Aim of the exercise: Going down the listing below, print exactly each line from the one with "Boots in York's" up to and including the one with "to dire lows", and skip the rest.

Records for this exercise:
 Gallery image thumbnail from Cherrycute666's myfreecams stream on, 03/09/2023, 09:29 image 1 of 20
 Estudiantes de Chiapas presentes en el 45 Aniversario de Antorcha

==

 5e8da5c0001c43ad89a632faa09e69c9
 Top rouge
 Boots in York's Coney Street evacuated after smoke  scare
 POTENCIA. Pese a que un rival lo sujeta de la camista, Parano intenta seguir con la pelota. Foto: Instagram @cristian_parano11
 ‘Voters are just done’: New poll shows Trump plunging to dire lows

Task response:
 Boots in York's Coney Street evacuated after smoke  scare
 POTENCIA. Pese a que un rival lo sujeta de la camista, Parano intenta seguir con la pelota. Foto: Instagram @cristian_parano11
 ‘Voters are just done’: New poll shows Trump plunging to dire lows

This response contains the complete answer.